- _Text-to-region grounding data_
________________________________________

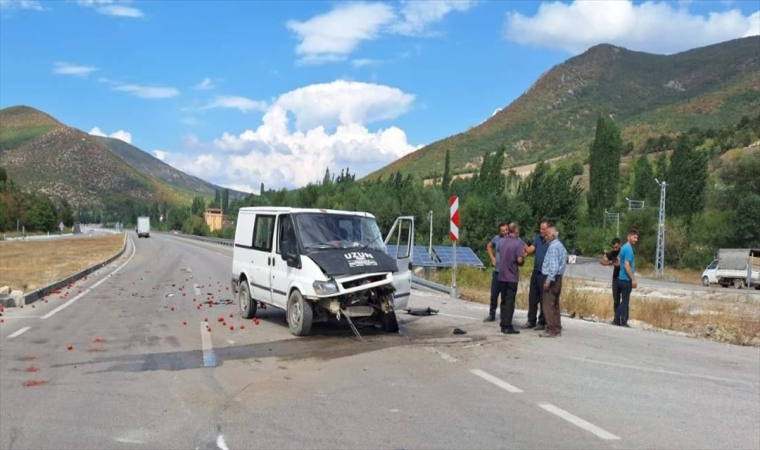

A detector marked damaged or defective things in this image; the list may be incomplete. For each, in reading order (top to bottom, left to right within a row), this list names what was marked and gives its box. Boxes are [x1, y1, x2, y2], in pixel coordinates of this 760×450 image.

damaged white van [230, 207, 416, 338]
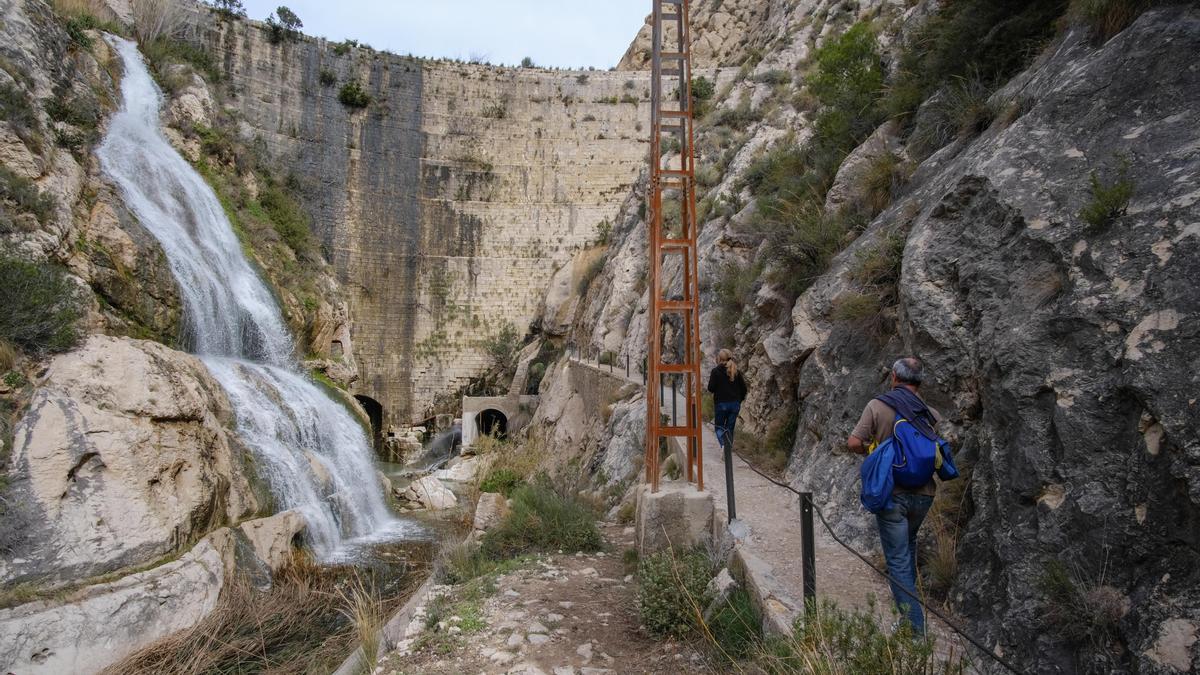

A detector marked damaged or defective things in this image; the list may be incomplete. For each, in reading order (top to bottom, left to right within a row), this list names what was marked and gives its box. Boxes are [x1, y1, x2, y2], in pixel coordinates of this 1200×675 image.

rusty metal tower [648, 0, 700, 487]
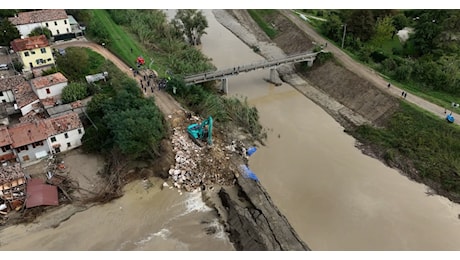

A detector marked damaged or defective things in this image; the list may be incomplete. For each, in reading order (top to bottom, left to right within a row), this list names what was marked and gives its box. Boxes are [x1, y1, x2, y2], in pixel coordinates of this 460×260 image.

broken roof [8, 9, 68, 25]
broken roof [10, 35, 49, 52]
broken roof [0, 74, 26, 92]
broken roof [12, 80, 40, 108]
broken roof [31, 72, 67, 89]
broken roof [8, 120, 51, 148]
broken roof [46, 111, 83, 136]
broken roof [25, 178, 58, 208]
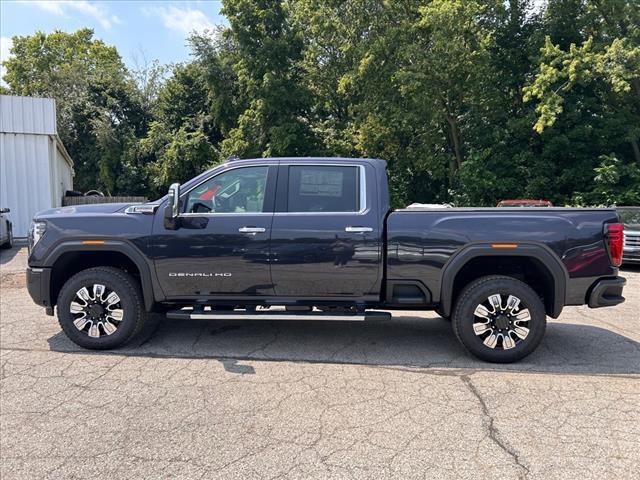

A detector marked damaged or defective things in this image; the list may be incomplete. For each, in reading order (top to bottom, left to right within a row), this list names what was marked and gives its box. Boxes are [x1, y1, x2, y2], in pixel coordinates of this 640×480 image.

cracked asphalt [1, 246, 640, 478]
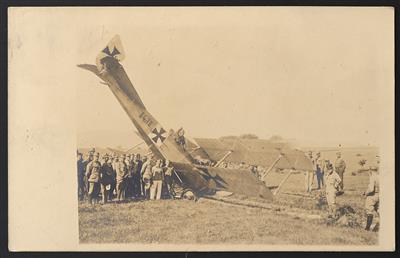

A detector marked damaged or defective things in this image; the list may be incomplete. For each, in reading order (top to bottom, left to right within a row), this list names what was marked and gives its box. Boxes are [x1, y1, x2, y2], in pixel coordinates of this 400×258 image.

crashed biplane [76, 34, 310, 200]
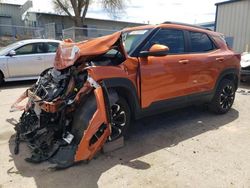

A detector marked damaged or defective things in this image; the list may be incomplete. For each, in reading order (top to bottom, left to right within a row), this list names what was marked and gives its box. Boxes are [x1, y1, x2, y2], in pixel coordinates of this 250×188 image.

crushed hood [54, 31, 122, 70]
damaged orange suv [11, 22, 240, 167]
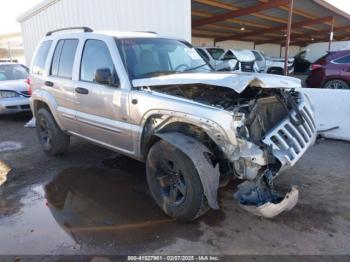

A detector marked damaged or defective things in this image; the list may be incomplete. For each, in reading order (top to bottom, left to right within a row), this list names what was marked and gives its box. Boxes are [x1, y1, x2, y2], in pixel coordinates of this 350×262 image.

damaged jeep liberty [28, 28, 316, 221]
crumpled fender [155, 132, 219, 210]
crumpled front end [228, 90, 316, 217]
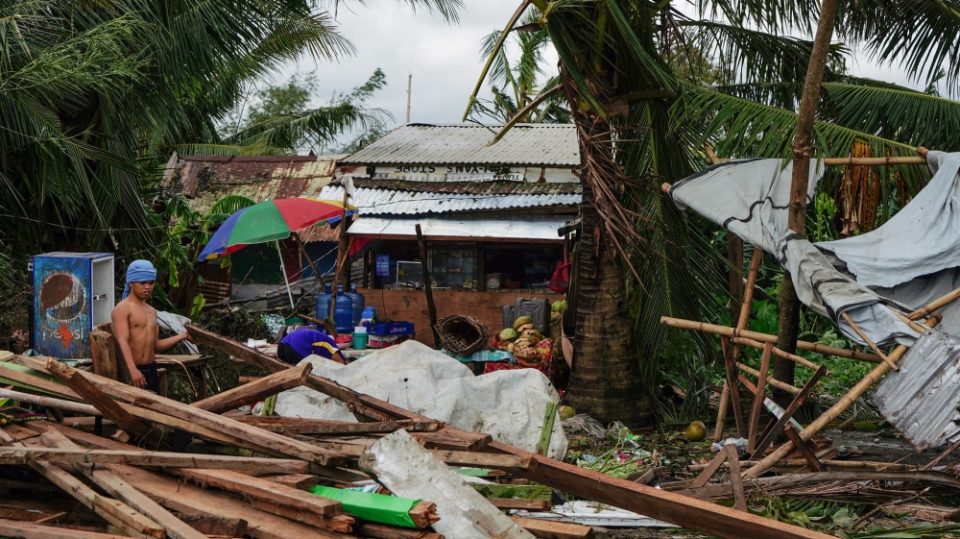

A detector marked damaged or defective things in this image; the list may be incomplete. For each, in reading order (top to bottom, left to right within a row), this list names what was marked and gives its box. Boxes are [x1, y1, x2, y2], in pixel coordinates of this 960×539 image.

________________________________________

- _TASK BRIEF_
Would you copy out the data exactly, leaving every picture out?

- _TASK ANSWER_
A detector marked damaged or defective things in this image; the list may be incomplete. For each, in reading order (top to bottom, left to right within a row), this list names what was marked and gives its box. Boxes are [x1, y1, x2, y2], in pixel coordinates of this 760×450 image.

damaged white van [230, 207, 416, 338]

A detector marked damaged or defective things in this image; the list may be incomplete. For each, in reading order (top to bottom, left to right within a row), this list names what was marked and gives its box. Boxes are [x1, y1, x2, y2], in pixel coordinates of this 1200×675 image.

rusty metal tower [648, 0, 700, 487]

A detector marked damaged or defective things in this image; the list may be incomplete. For each, in reading order (top to bottom, left to right within a row), this list names what was marked and gives its box. Boxes are [x1, y1, x2, y2], in pixel coordinates of this 460×260 image.

broken roof [8, 9, 68, 25]
broken roof [10, 35, 49, 52]
broken roof [0, 74, 26, 92]
broken roof [12, 80, 40, 108]
broken roof [31, 72, 67, 89]
broken roof [8, 120, 51, 148]
broken roof [46, 111, 83, 136]
broken roof [25, 178, 58, 208]

A detector marked damaged or defective things in this image; the list may be incomplete. For each, in reading order (top to bottom, left to right within a row), this list names what was marked and gives its box. Boxes are [x1, y1, x2, y2], in pixel coordinates of this 640×480 image.

cracked asphalt [1, 246, 640, 478]

A detector marked damaged or defective things in this image; the list may be incomplete. For each, in reading order (top to bottom, left to right within a row), this list names what was marked and gives its box. Boxes are [x1, y1, x2, y2], in pixel coordinates of this 400×258 image.

crashed biplane [76, 34, 310, 200]

A detector marked damaged or defective things in this image; the list may be incomplete. For each, in reading order (top to bottom, left to right within a row), this list names what was marked and gives its box. Boxes are [x1, y1, x2, y2], in pixel coordinates of this 250×188 image.

crushed hood [54, 31, 122, 70]
damaged orange suv [11, 22, 240, 167]

A detector marked damaged or defective things in this image; the list may be incomplete. For each, in reading order (top to bottom, left to right within a row), this list names what was marked and gives its box. Boxes are [x1, y1, x2, y2], in pixel coordinates of this 350×262 image.

damaged jeep liberty [28, 28, 316, 221]
crumpled fender [155, 132, 219, 210]
crumpled front end [228, 90, 316, 217]

A detector marked damaged or defective things in this image; the list may be incomplete. For each, in reading order (top to bottom, left to right within a row), this list names what was marked and gives its box. Boxes are [x1, y1, x2, y2], in pixel coordinates of this 960×539 image.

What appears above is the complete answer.